Had a "Negotiation Strategies" course today. There were some people I knew, and that was OK.
One interesting episode: we had a game where 3 teams of us were supposed to build a structure, Stonehenge.
The trainer had 4 sets of blocks that would assemble to form stonehenge (although 1 set of blocks was incomplete. They were all marked according to which set they belonged to. The "market" would release blocks, and representatives from the 3 teams (of whom I was one) would snatch them. We would deduct the "cost" of these blocks from the accounts. Round by round, we would try to engage in barter or trade to get a complete set of blocks. If we managed to build stonehenge, the financial reward would be huge. The team with the highest amount of money at the end of the game would win.
Initially, all the 3 teams were mutually suspicious of each other. We would hide the markings on the blocks from each other so that nobody would ever know how many of each our teams had. It was a competitive game.
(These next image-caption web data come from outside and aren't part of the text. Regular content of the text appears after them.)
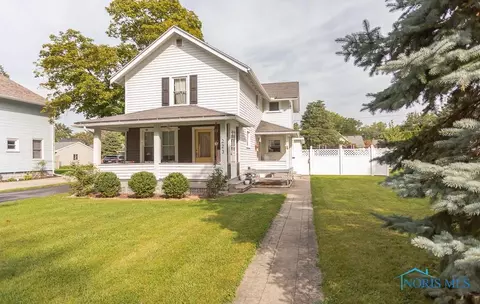 223 E Dudley St, Maumee, OH 43537 photo 1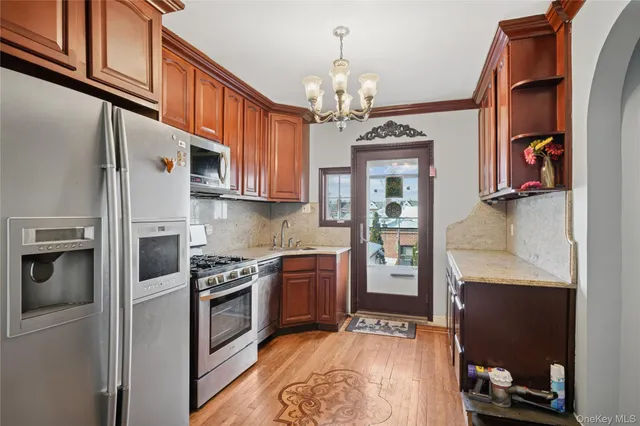 $1,198,000 | 30-18 Hobart Street | Woodside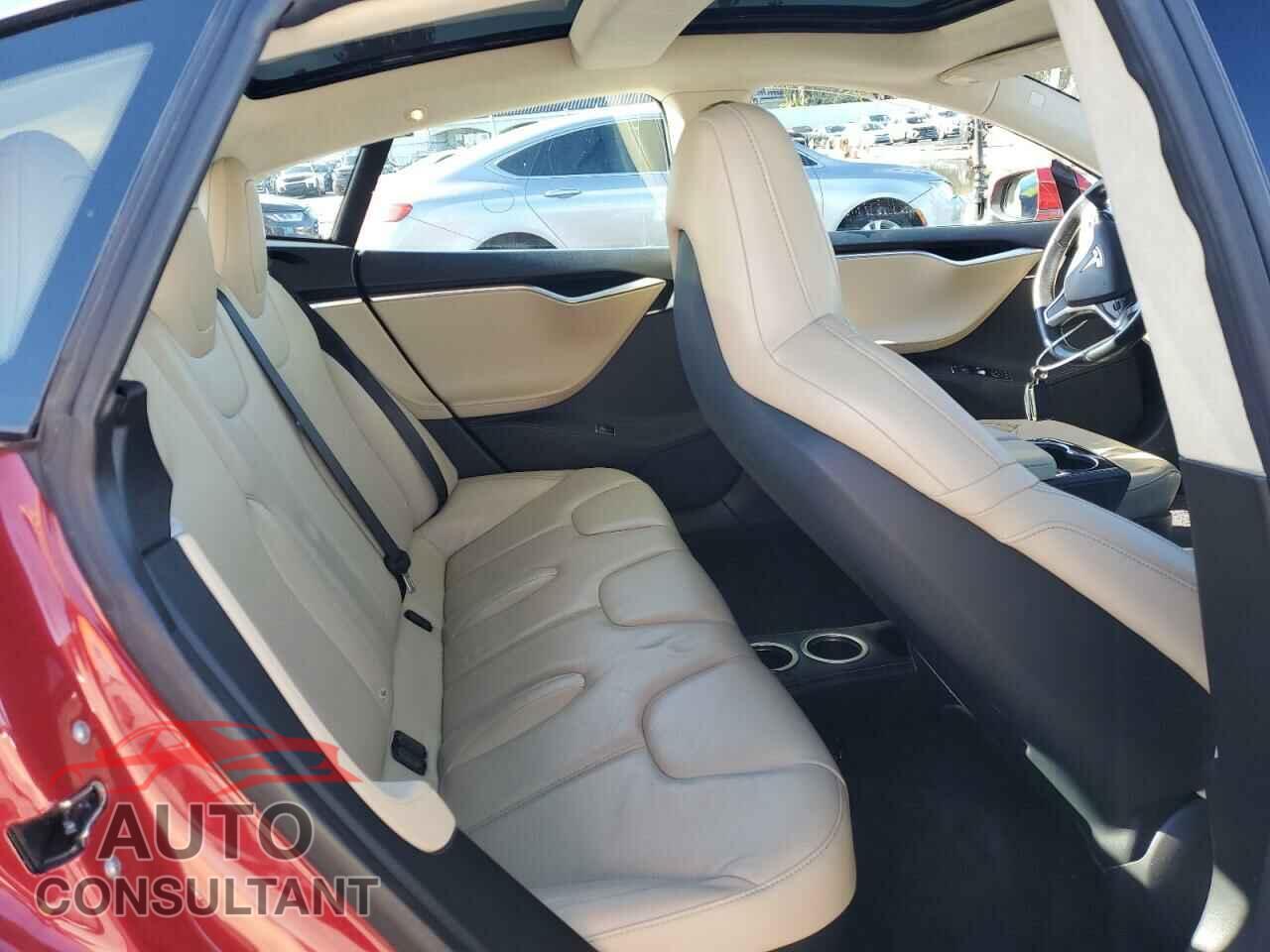 TESLA MODEL S 2015 - 5YJSA1H14FF095911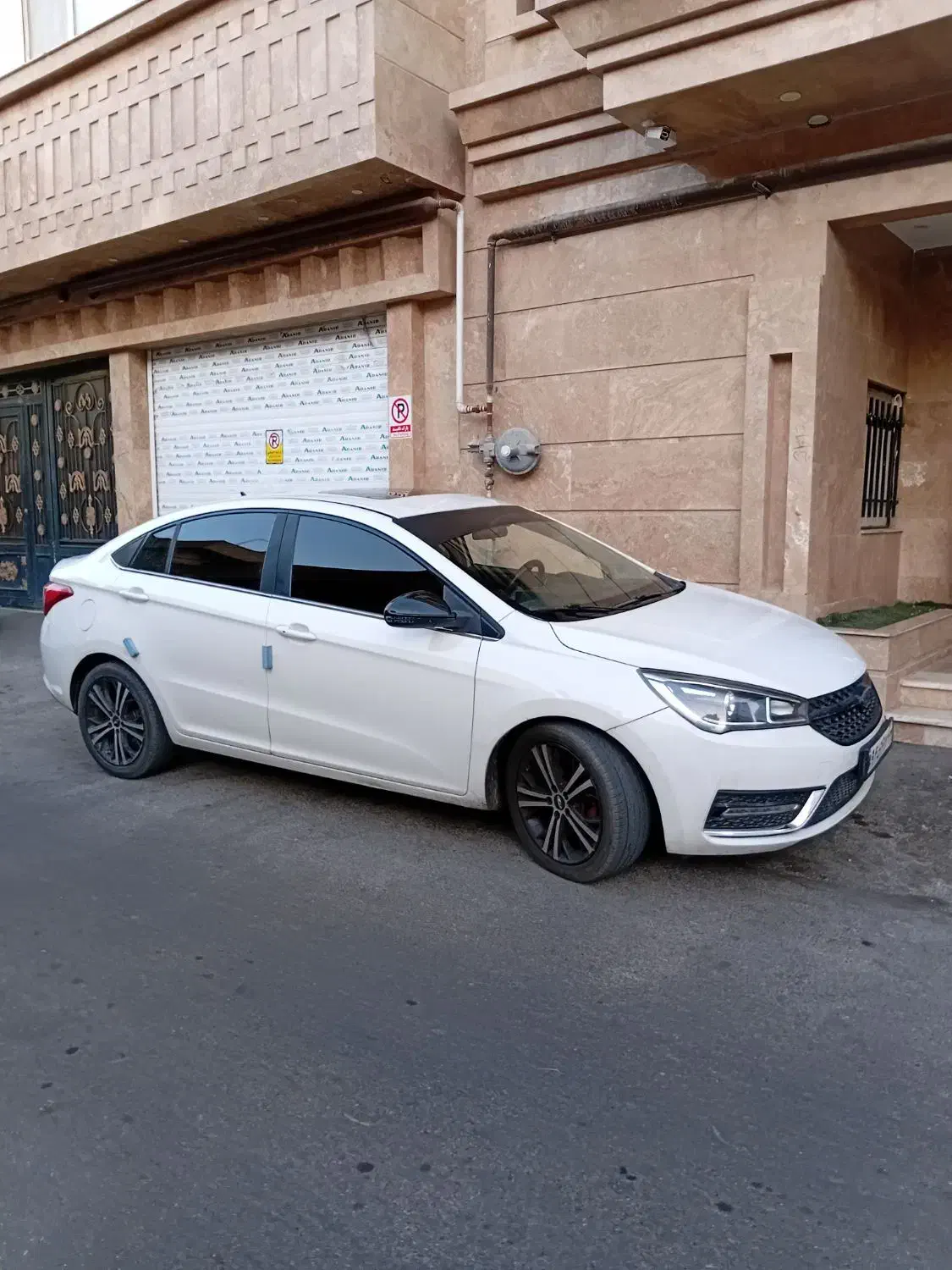 چری آریزو ۵ مدل ۹۶ اتومات اکسلنت|خودرو سواری و وانت|شیراز, غدیر جنوبی|دیوار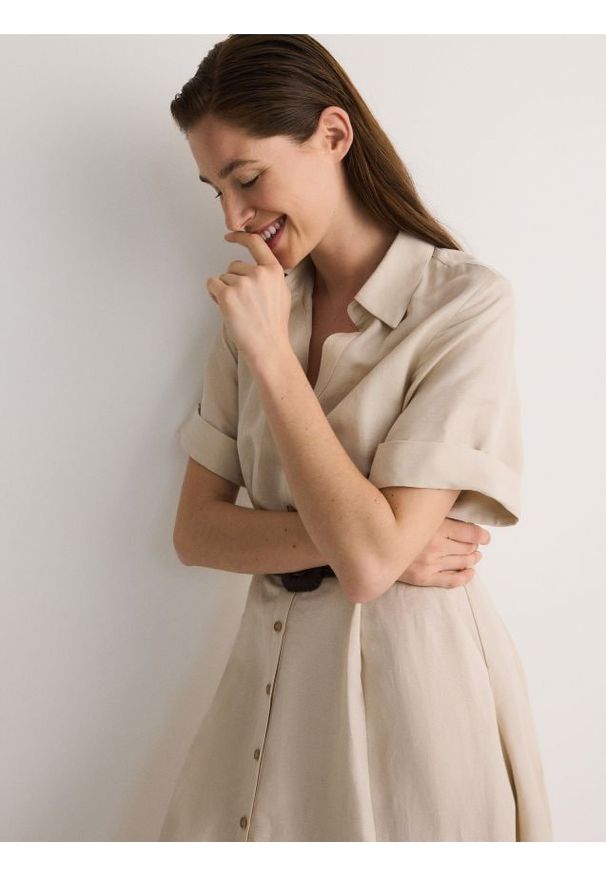 Reserved - Sukienka midi z lnem i plecionym paskiem - beżowy. Kolor: beżowy. Materiał: len. Długość: midi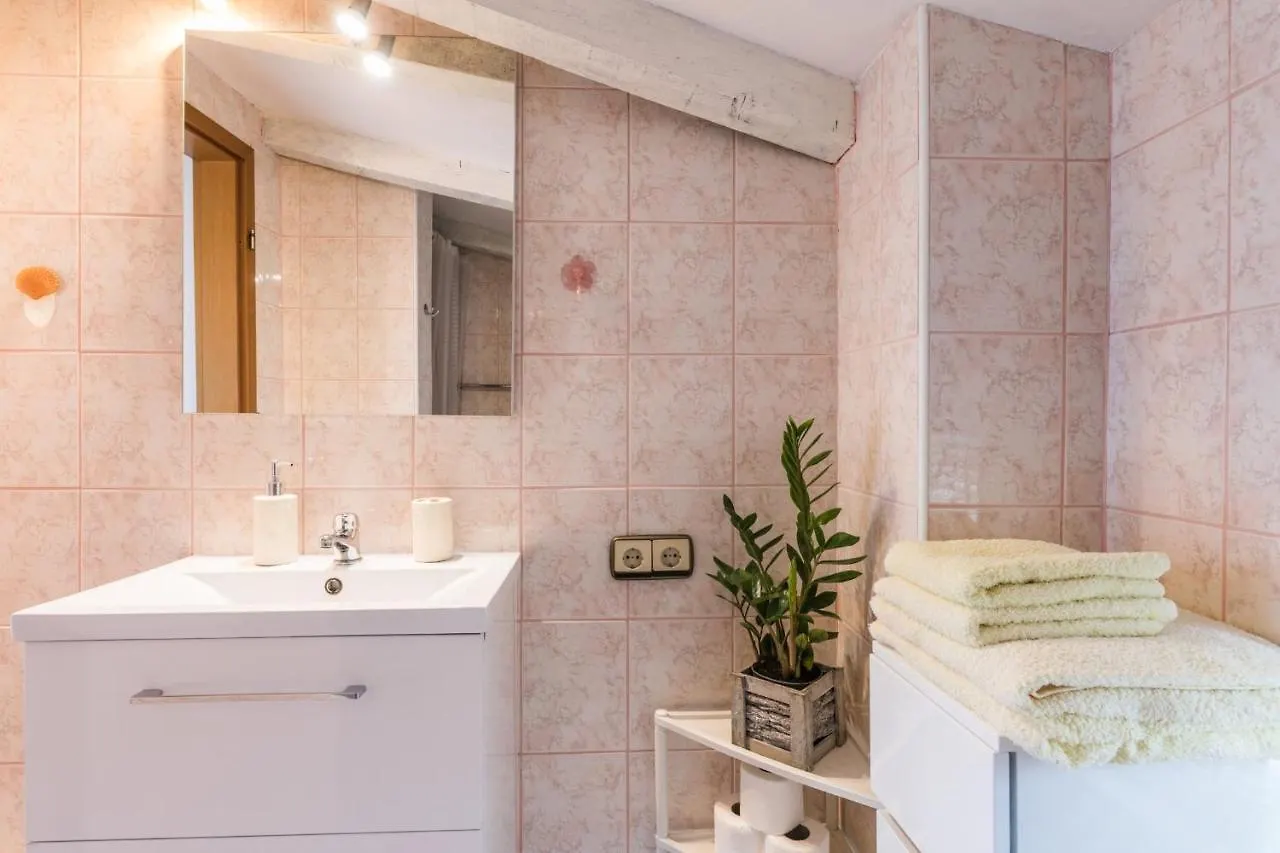 Mlikota Apartment Dramalj Croatia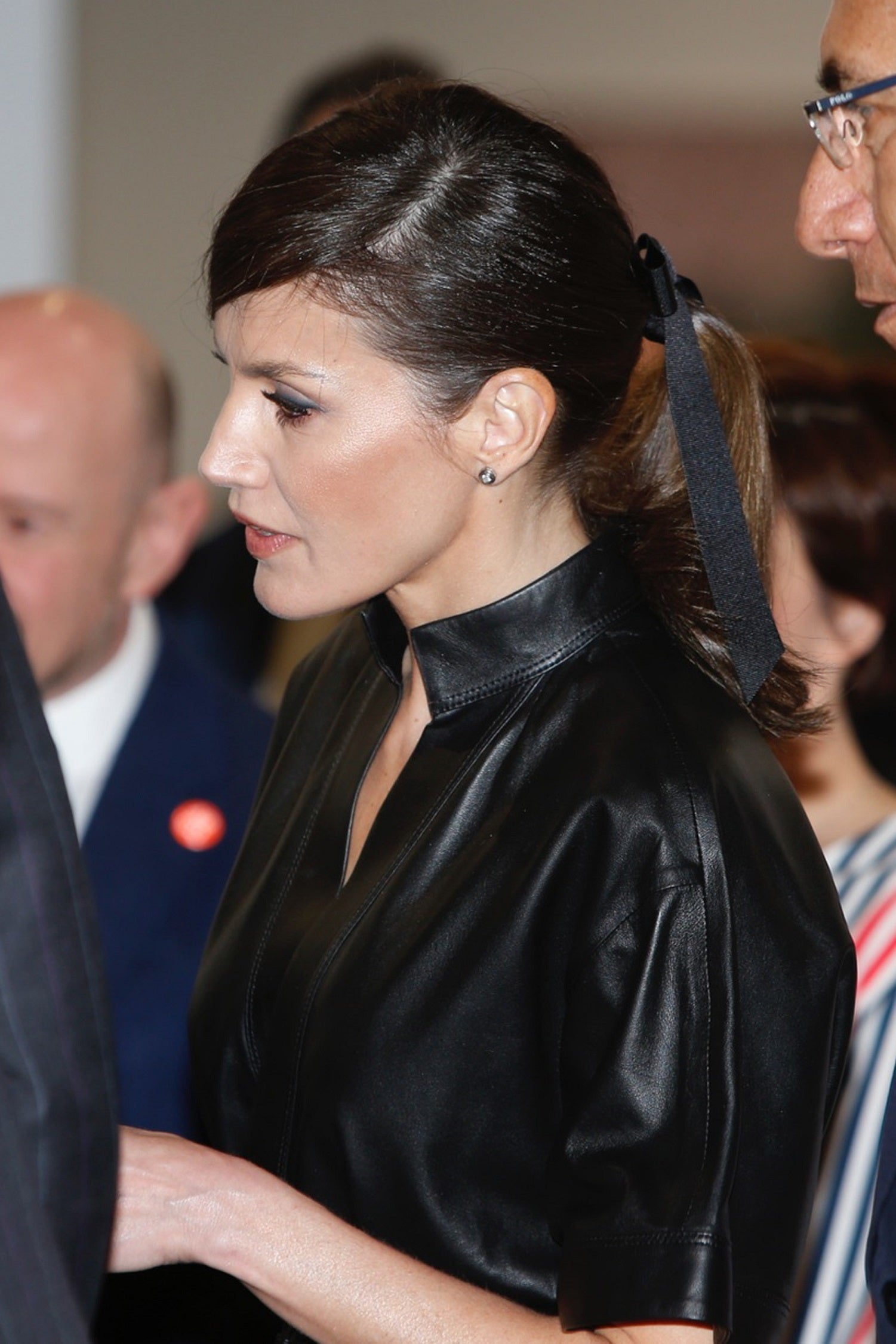 Otro de sus looks de pelo más aplaudidos fue esta coleta baja adornada con un lazo negro para su visita en la feria de arte ARCO el pasado mes de febrero. Casi un año después, seguimos recordando este peinado tan sofisticado y tan fácil de hacer con el que sorprendió Letizia.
But the majority of our blocks had the label "C" so we more or less figured out that we were going to build the stonehenge based on that set.
I think the people from Marketing were the first to realise that nothing could be accomplished unless we all co-operated to some extent that we tried to make sure that everybody would build 1 complete set each. To that end, we started trading info on what our total inventory was. And then our team realised that "C" was the incomplete set.
So we realised that if there was going to be a barter, we would all end up with complete stonehenges, but we would be the least well off, because we would have to pay the other teams to get more blocks. Furthermore we also had an incompetent grabber (ie me) who probably grabbed the fewest blocks among the teams. (Among 99 blocks, I grabbed, say, 31.) Which means we paid the least, which means, if no trading was done at all, we would win the game. Last of all, since it is extremely unlikely that this isn't the case (you do the maths if you know probability), all of the teams had blocks from each of the 4 sets.
In other words, we could just sit down and refuse to trade, say "fuck them all", and we would sabotage everybody's efforts, and since we had started out by paying the least money for the blocks we would be ahead of everybody. And almost independently of each other, that is what we all decided to do.
The other teams were shocked, of course, and dismayed. I don't know if they wanted to persuade us otherwise, but they didn't try that hard. It's almost they were admitting they would have done the same in our situation. We did try to sell the remaining bricks to 1 other team at an exorbitant price but later we recalculated that we charged too high: they would never have bought it, even when you factor in the windfall that comes from completing a set.
I had to laugh. I didn't believe we were doing this. The best British comedies are of horrid, despicable xiao3 ren2 who do petty things like this to each other. And now we were like the xiao3 ren2. The people who throw orange juice out of our kitchen windows knowing full well that other peoples' laundry are downstairs. The people who urinate in lifts. The Indonesians who pull the sand embargo shit on us.
We should have called this activity "stonewall" instead.
Anyway there was more interesting stuff to follow. Later on we had to construct a scenario where people would have to put their negotiation strategies into practice. I wrote on a piece of paper: you South Korea, we Taliban.
The instructor was sufficiently amused that he asked us to go first. It was a riot. I remember making comments like, "you have to decide whether you're going to pay up or not. While we have to decide whether we're going to hang or shoot the next hostage. Life is full of unpleasant decisions", and when one of the opposite team made the unfortunate statement "what would the world community think of you?", we said, "look, we're terrorists. Do we look like we give a damn? If we're such bleeding hearts we'd end up like those suckers we got locked up in the basement."
Or "look, we're really busy people. We don't have all day. We still have plenty of terrorist activities to plan, insurrection operations, Koran study sessions, drug smuggling operations, physical training sessions, prosthetic limb maintenance. We're not lazy people just because we happen to be Muslim."
Or "OK OK, maybe we won't execute tomorrow. We're just going to circumcise all the men."
And this comment that my brain thought of, but also censored. "Rest assured that we are not going to violate your women. Not when they are alive anyway."